Google non è più una società di soli software e servizi online . Non lo è da tempo, basti pensare agli smartphone e ai tablet della linea Nexus, ai notebook Chromebook, al Chromecast e al Chromecast Audio, ai Google Glass, al termostato Nest, al Nexus Player e al router OnHub. Qualche giorno fa ha persino lanciato una linea di cinturini per orologi – orologi in genere, attenzione, non solo smartwatch. Ora però sembra che l’hardware sia diventato un settore da seguire con più attenzione. E in un certo senso Osterloh va ad occupare il posto che fino a poco tempo fa era di Regina Dugan (ora in Facebook), anche se questa – a dirla tutta – aveva meno responsabilità nello sviluppo complessivo essendo solo a capo del gruppo “Advanced Technology and Project”.
Sotto la guida di Rick Osterloh finiscono dunque i seguenti progetti: tutti device marchiati Nexus (ossia gli smartphone e i tablet Android), l’hardware dedicato all’utenza consumer (cioè i Chromebook e Pixel C), il router OnHub (che fino a poco tempo fa era sotto il controllo della società Access, sempre del gruppo Alphabet), ATAP (che comprende tutto ciò che non è finito nella divisione della realtà virtuale, cioè sostanzialmente lo smartphone modulare Project ARA e poco altro) e i Google Glass . A ciò si aggiunga poi la recente divisione “living room” che – com’è facile intuire dal nome – si occupa di una suite di prodotti che riguarda l’automazione casalinga e, più nello specifico, l’hardware dedicato alla gestione smart di ciò che avviene in salotto.
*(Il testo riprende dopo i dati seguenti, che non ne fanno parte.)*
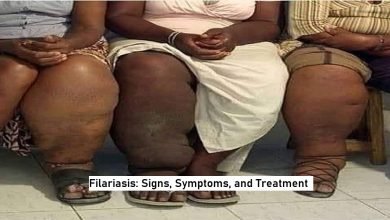 Filariasis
Nest – che è una società del gruppo Alphabet e quindi separata da Google – rimane invece indipendente e sotto la guida del suo attuale CEO, Tony Fadell.
Ma qual è il significato vero di questa riorganizzazione e di questa forte scelta dal punto di vista delle risorse umane? Possiamo dire – senza timore di essere smentiti – che Google ha deciso di far sul serio sul versante hardware e di mettere un po’ d’ordine tra tutti i vari progetti che sono nati un po’ alla spicciolata in questi anni e che non raramente si sono trovati in competizione per quanto riguarda le risorse – economiche e non solo. Il nuovo assetto potrebbe significare una gestione più organica ed oculata, potrebbe portare a varare un piano per l’armonizzazione di tutti i dispositivi prodotti a Mountain View che un utente si trova in casa. Per fare un esempio – forse il più semplice – non è mai stato chiaro perché Google abbia deciso di portare avanti due sistemi operativi: Android e ChromeOS. Da anni si attende la loro fusione o comunque l’avvio di un avvicinamento che, sul lungo periodo, possa portare alla dissoluzione dell’uno nell’altro – molto probabilmente alla integrazione totale di ChromeOS nel regno del robottino verde, foss’anche solo per una questione di numeri, cioè di unità attive. I computer Chromebook prodotti e distribuiti saranno qualche milione, mentre gli utenti che usano Android sono più di 1,4 miliardi ormai.
Una delle prime sfide che Osterloh si troverà ad affrontare sarà il lancio dei nuovi smartphone Nexus . Proprio qualche giorno fa è sbucata in rete la notizia dell’esistenza di due nuovi device che ricadono sotto questo brand-ombrello. Si tratterebbe del Nexus S1 ed M1: due apparecchi che verranno probabilmente prodotti in partnership con HTC. L’azienda taiwanese – lo ricordiamo – ha già più volte collaborato con Google per la manifattura di device Android, dunque non sarebbe un salto nel vuoto ma una scelta oculata. Una scelta che comunque dev’essere stata presa molto tempo fa, quando ancora Osterloh non era al comando: cosa che va tenuta ben presente.